I want to find the maximal interval of existence for $$x'=f(x,t)=\frac{xt}{\sqrt{x^2+1}},\ x(0)=1$$ and I want to use a theorem I found in one of my books. It is a certain statement of boundary behaviour of maximal solutions which I couldn't find in a wikipedia article to link. So just to make sure we are on the same page I will provide the theorem:
Let $D\subseteq \mathbb R\times \mathbb R^n$ be a domain and $f:D\to\mathbb R^n,\ (t,x)\mapsto f(t,x)$ be continuous and locally Lipschitz with respect to $x$. For $(\tau,\zeta)\in D$ let $\lambda:]a,b[\to\mathbb R^n$ be a solution of the IVP $$x'=f(t,x),\ x(\tau)=\zeta$$ Then $\lambda$ is a maximal solution to the IVP iff one of the conditions hold:
- $a=-\infty$
- $a>-\infty$ and $\limsup_{t\to a}||\lambda(t)||=\infty$
- $a>-\infty,\partial D=\emptyset$ and $\lim_{t\to a}\text{distance}(\partial D,(t,\lambda(t)))=0$
Replacing the $-\infty$ with $\infty$ yields the conditions for $b$ so I will not list them here.
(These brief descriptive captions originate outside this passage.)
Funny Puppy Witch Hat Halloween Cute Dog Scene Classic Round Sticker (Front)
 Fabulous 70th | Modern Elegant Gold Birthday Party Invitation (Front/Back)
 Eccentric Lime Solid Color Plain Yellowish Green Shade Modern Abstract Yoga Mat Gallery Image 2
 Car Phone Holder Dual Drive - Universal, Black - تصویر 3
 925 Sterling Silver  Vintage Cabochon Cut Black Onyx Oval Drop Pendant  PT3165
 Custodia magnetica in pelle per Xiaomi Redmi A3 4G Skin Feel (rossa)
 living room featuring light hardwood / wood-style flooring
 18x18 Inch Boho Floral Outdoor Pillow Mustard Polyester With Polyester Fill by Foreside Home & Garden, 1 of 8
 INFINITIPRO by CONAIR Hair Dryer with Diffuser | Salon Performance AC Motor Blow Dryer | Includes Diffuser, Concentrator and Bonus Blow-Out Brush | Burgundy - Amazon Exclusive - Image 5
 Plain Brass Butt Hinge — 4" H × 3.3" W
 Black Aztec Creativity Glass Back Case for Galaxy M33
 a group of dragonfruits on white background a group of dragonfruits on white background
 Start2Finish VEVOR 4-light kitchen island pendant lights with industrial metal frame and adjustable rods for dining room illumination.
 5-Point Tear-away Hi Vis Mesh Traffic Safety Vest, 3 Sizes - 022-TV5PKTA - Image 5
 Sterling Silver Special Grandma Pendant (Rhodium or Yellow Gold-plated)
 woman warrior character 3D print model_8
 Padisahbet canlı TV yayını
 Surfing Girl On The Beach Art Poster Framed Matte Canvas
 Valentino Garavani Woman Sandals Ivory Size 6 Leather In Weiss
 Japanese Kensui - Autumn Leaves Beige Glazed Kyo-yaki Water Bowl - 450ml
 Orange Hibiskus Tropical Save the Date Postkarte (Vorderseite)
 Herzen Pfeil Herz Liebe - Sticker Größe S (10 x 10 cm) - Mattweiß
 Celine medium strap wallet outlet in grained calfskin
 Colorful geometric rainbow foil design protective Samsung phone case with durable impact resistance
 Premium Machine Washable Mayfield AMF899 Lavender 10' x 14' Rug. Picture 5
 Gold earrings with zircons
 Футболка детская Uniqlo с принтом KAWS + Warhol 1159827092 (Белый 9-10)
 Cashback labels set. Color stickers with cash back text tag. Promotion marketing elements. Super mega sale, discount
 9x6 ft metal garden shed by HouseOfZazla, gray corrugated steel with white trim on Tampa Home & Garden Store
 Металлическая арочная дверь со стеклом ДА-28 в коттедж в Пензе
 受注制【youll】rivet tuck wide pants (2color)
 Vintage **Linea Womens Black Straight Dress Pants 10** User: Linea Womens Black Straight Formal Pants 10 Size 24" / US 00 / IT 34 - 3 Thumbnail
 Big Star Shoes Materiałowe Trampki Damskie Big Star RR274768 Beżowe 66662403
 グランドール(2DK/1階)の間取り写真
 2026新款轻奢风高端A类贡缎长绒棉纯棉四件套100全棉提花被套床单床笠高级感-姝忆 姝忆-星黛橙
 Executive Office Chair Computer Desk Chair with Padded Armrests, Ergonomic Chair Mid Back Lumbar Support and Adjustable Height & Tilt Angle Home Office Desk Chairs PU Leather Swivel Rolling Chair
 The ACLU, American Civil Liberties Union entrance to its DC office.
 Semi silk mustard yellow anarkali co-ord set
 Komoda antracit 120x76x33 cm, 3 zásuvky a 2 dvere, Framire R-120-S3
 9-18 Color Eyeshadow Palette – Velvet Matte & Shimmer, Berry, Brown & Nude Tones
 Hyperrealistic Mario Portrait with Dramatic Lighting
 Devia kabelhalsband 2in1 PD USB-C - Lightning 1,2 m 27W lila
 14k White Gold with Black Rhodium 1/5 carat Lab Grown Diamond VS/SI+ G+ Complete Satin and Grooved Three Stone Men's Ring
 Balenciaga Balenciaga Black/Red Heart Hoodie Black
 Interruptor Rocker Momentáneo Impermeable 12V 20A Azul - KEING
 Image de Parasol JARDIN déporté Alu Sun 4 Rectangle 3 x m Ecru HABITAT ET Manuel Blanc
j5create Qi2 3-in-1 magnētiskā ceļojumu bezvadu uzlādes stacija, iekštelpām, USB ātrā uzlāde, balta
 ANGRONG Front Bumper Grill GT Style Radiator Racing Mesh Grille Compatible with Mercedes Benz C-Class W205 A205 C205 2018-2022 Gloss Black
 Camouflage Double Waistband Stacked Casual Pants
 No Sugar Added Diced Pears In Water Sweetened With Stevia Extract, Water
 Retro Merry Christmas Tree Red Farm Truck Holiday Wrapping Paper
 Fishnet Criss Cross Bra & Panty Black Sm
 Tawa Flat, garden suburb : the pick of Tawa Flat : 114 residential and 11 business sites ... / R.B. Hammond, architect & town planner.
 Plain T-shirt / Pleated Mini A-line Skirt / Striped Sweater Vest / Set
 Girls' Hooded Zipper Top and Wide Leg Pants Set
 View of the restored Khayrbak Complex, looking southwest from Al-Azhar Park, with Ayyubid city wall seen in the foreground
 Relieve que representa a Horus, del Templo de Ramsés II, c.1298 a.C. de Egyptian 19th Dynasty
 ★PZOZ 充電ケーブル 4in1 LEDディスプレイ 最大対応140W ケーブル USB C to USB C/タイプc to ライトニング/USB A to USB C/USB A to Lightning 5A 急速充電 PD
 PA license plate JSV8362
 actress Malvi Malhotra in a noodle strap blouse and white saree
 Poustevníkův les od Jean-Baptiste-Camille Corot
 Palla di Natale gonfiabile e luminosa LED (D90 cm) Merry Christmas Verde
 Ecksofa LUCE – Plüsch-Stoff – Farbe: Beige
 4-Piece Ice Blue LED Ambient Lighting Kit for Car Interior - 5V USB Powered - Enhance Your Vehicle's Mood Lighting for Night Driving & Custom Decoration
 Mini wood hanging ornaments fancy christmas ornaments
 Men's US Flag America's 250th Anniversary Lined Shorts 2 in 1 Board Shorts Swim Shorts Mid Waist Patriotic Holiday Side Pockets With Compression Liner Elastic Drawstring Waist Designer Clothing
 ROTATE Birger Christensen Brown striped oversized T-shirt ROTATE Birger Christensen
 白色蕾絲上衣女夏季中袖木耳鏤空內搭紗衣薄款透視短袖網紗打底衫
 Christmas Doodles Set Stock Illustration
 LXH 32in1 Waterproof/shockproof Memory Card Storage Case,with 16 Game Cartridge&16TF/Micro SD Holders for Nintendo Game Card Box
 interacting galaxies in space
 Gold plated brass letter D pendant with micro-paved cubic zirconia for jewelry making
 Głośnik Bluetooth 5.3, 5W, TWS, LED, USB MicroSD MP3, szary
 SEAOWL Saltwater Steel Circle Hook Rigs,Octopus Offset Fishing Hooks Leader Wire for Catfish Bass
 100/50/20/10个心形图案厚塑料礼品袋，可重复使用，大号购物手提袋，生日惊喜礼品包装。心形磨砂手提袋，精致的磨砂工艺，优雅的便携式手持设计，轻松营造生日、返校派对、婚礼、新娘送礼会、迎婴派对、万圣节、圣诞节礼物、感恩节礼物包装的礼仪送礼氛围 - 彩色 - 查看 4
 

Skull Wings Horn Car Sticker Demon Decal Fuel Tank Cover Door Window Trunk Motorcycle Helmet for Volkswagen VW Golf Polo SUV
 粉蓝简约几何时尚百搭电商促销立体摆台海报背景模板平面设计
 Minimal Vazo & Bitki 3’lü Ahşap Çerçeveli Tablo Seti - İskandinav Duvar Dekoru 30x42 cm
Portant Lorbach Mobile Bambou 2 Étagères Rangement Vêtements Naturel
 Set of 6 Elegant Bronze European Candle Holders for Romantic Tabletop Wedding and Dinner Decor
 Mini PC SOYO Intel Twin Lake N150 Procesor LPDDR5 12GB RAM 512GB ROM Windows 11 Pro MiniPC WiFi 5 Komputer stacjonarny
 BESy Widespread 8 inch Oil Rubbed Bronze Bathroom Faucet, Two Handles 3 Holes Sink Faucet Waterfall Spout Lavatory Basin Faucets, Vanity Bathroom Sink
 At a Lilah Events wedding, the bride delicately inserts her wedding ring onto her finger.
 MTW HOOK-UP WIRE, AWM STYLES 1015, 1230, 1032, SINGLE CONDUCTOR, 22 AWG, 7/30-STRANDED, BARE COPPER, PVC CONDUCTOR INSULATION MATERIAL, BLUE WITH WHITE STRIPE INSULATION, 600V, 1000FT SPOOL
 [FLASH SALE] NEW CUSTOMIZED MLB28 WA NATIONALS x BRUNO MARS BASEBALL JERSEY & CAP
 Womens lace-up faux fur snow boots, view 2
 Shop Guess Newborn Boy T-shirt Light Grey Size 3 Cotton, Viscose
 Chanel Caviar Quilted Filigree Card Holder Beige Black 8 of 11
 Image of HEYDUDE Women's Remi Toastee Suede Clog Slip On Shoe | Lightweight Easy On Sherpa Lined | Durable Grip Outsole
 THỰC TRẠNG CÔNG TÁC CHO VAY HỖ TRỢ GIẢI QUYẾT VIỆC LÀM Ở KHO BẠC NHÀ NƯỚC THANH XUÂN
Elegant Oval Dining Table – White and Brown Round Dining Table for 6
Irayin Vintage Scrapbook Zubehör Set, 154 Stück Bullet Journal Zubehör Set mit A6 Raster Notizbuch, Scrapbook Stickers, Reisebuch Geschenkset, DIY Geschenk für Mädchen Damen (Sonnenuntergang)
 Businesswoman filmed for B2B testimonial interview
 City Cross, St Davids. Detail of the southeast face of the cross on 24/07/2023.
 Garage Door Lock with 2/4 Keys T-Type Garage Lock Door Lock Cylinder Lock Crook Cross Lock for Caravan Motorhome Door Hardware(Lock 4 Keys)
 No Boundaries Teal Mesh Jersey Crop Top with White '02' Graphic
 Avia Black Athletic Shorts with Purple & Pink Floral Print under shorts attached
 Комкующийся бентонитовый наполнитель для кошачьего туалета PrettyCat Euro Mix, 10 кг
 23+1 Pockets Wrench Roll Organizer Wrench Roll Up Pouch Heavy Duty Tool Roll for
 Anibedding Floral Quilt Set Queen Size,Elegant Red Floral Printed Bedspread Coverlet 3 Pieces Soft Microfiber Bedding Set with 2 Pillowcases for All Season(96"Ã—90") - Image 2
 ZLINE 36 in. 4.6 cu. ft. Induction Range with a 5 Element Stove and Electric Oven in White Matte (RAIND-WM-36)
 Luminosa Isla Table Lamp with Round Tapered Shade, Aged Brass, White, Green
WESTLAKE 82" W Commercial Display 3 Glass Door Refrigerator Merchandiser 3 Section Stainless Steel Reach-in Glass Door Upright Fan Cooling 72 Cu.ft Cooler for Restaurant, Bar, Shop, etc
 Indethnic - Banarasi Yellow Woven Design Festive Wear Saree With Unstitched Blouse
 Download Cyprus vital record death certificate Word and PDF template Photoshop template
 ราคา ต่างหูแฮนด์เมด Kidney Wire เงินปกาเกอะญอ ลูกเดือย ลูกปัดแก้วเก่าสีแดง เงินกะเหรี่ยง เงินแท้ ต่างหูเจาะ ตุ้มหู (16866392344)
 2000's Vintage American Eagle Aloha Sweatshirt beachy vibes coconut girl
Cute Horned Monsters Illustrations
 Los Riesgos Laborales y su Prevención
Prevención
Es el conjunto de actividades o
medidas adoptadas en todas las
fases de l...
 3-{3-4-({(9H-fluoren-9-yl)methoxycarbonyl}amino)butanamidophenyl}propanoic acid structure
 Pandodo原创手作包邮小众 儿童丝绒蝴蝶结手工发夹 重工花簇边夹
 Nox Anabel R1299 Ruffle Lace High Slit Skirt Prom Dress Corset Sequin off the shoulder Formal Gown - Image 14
Now back to the problem: Since $f$ is continuously differentiable with respect to $x$ it is clear that $f$ is locally Lipschitz and therefore we have a unique maximal solution to the IVP with I will call $\lambda:\ ]a,b[\to\mathbb R$. The argument for $a$ should be the same as for $b$ so I will only care about the first one. Obviously we have $\partial D=\emptyset$ so (3.) is not an option and we only need to take care of (2.). So let's assume $a>-\infty$, then I am using $$f(t,x)\leq\text{sgn}(x)t$$ to obtain $$\limsup_{t\to a}|\lambda(t)|=\limsup_{t\to a}|\lambda(0)+\int_0^t\lambda'(s)ds|=\limsup_{t\to a}|1+\int_0^t f(s,x)ds|\leq$$ $$\leq\limsup_{t\to a}|1+\text{sgn}(x)\int_0^t sds|=|1+\text{sgn}(x)\cdot\frac{a^2}{2}|<\infty$$ so only option (1.) is left and the same goes for $b$, so in total we have that the maximal interval of existence is $\mathbb R$. Is my reasoning correct here? And if not, what is wrong and how do I fix it?
Using $\frac{|x|}{\sqrt{1+x^2}}\le 1$ gives $$ |f(t,x)|\le |t|\implies |x(t)-x(0)|\le\int_0^t|f(t,x)|\,dt\le\frac{|t|^2}2 $$ so that the solution to the IVP, where it is defined, satisfies $$ 1-\frac12t^2\le x(t)\le 1+\frac12t^2. $$ Per the cited possibilities for the behavior at the end points of the maximal domain, this excludes any finite end points.